CONCEPT Cited by 1 source

Uplink saturation from backoff¶

What it is¶

A failure mode where a retry loop on one dependency accidentally write-amplifies a second dependency, and the second dependency's write path saturates the network uplinks. The hazard is that the retry loop is usually read-only (or "harmless reconnect"), but the retry invocation's side effect in the second system is write-traffic — and the retry rate is the fleet size times the retry cadence, which can dwarf normal write load.

Mechanism¶

Preconditions:

Two systems share a code path at the client. A single operation in your application touches System A (the dependency that breaks) and System B (the dependency that ends up saturating).
System A goes down. Clients enter their reconnect/backoff loop.
Each reconnect attempt re-executes the shared code path. Every retry of the A-reconnect quietly re-invokes the write path to B.
B has no independent rate-limit against client retries.

Now every node in a fleet of thousands is retrying multiple times per second, each retry producing a write to B. B's write throughput scales linearly with fleet size × retry rate — which can trivially exceed any provisioned uplink.

Canonical wiki instance — Fly.io Consul cert expiry¶

For a long time Fly.io ran Consul and Corrosion side-by-side for resiliency. A Consul mTLS certificate expired; every worker severed its Consul connection and entered a reconnect backoff loop. Each reconnect attempt re-invoked a code path to update Fly Machine state. That code path incurred a Corrosion write.

"By the time we've figured out what the hell is happening, we're literally saturating our uplinks almost everywhere in our fleet. We apologize to our uplink providers." (sources/2025-10-22-flyio-corrosion)

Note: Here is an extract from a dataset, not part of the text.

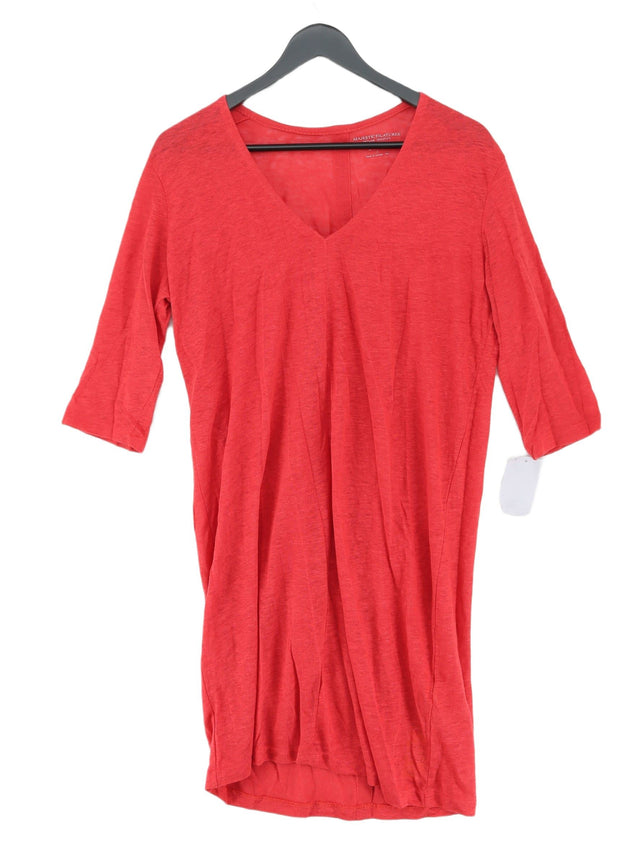 Majestic Filatures Women's Midi Dress M Red 100% Linen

Consul (the dead system) wasn't the saturating load. Corrosion (the healthy system, a side-effect of the retry loop) was.

Mitigations¶

Independent rate-limiters on any dependency's write path. Don't assume that because System A's retries don't affect System A's throughput, they don't affect anything else.
Audit shared code paths — at least at the clients — for write amplification on retry.
Circuit breakers on shared-code-path failure. If A is unhealthy, break the shared path entirely rather than keeping B-writes active as a side-effect.
Jittered exponential backoff is necessary but not sufficient — the saturation is driven by the write amplification, not just the retry rate.
Design for "what if my passive dependency becomes write-amplifying?" — an underappreciated class of blast-radius question.

Structural lesson¶

A distributed system's worst failure mode is often when a passive dependency (retried over and over to re-establish connectivity) accidentally becomes a write-amplifying dependency via retry feedback. The cost of the retry wasn't in the dependency; it was in the side effect.

Seen in¶

sources/2025-10-22-flyio-corrosion — canonical primary source. The Consul-cert-expiry incident is the wiki's named instance.

concepts/thundering-herd — the classical sibling (many clients hitting one dependency at once).
systems/consul — the dependency whose outage triggered the shape at Fly.io.
systems/corrosion-swim — the write-amplification target.
concepts/blast-radius — the generalised framing.